Time was a very precious commodity. Finding himself with hours to spare, Iosef immediately gathered his violin and bow and set out for the hallway outside of Volgin’s office in the Main Wing.
Io went the first time to tempt the Colonel’s temper because he found it altogether thrilling in ways he could never hope to understand. He returned the second time for the quiet praise that the first impromptu serenade had received.
What started as an attempt to annoy and provoke had somehow switched gears in the flame solder’s mind. He felt something akin to remorse for the provocation as he stood in the deserted hallway once more.

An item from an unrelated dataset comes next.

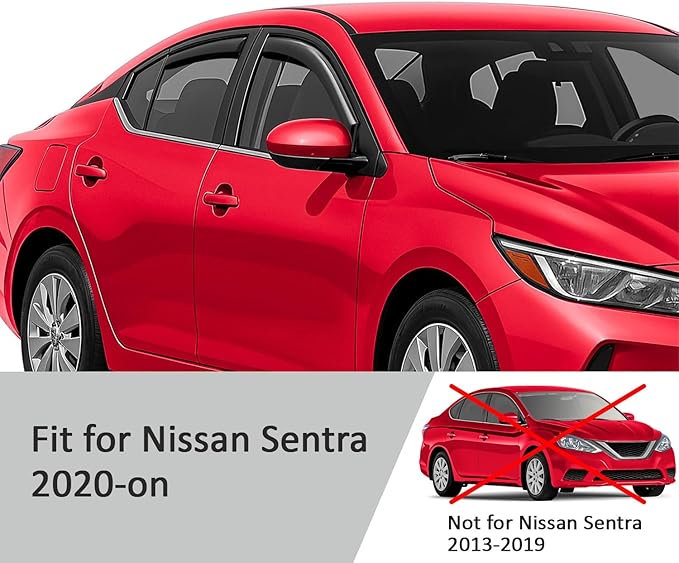Voron Glass in-Channel Extra Durable Rain Guards for Nissan Sentra 2020-2025, Window Deflectors, Vent Window Visors, 4 Pieces - 200903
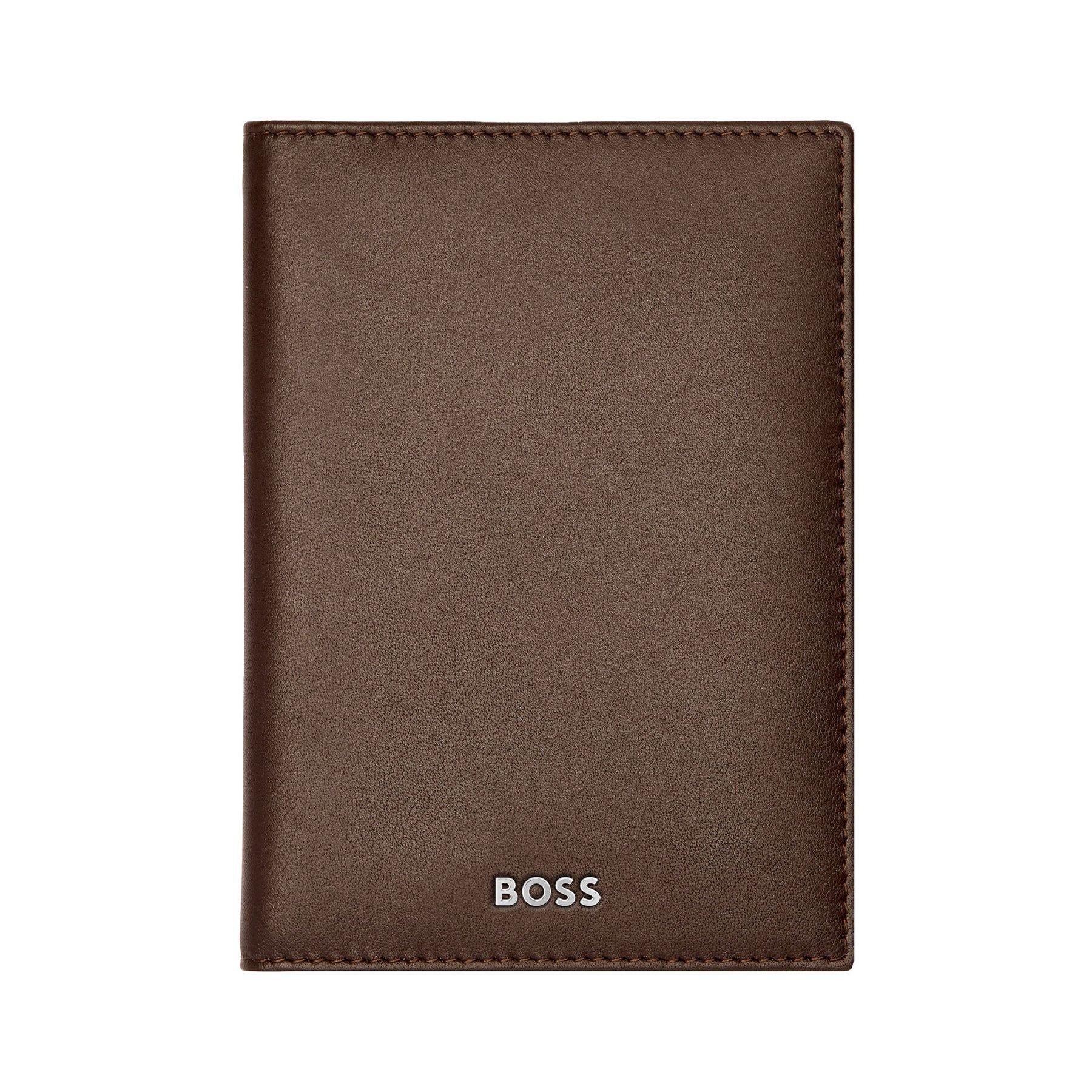 Hugo Boss Калъф за карти Classic Smooth, с 16 отделения, кафяв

The Blue Danube only brought secretaries to come and stare with awe and approval, and gasps of delight, and much appreciated applause. No one came forth from Volgin’s office; not for the Blue Danube, or the Gimn Sovetskovo Soyuza, or even for Eine Kleine Nachtmusik.
Io spent a good ten minutes scowling at the door from behind his respirator, as though sheer force of will alone would bring the Colonel out from hiding. There was nothing, the lights were off, and Yevgeny Volgin was certainly not home. It was foolish to think will alone could coerce him to appear on command.
So Iosef eventually retreated to the yard, disappointed with the world, and left the office workers to their dull paperwork.
It was a beautiful spring day, clear and blue. The snow had all but melted away, and the illusive promise of warmth drifted on the breeze. The sun was pleasant and gentle on his face.
A seemingly abandoned truck was all the invitation he needed. Climbing onto the hood with violin and flamethrower was a difficult task, but one that was overcome with ingenuity and creative wiggling.
A pair of GRU regarded the gas-masked violinist with hesitant curiosity, until he began to play for them. A sweet melody to match the kind disposition of the early spring day.
Ode to Joy seemed to match the mood set by the clear, light hearted day. It translated well to a solo piece he thought, shutting his eyes as the notes flowed from the violin, took flight, and fluttered away on orange and black butterfly wings.
It wasn’t long before he had another crowd gathered around. Among them, he recognized the German Major, but there were others who were unfamiliar to the flame patrol Lieutenant.
It struck him just fine, and he smiled. Strangers were always welcome to listen.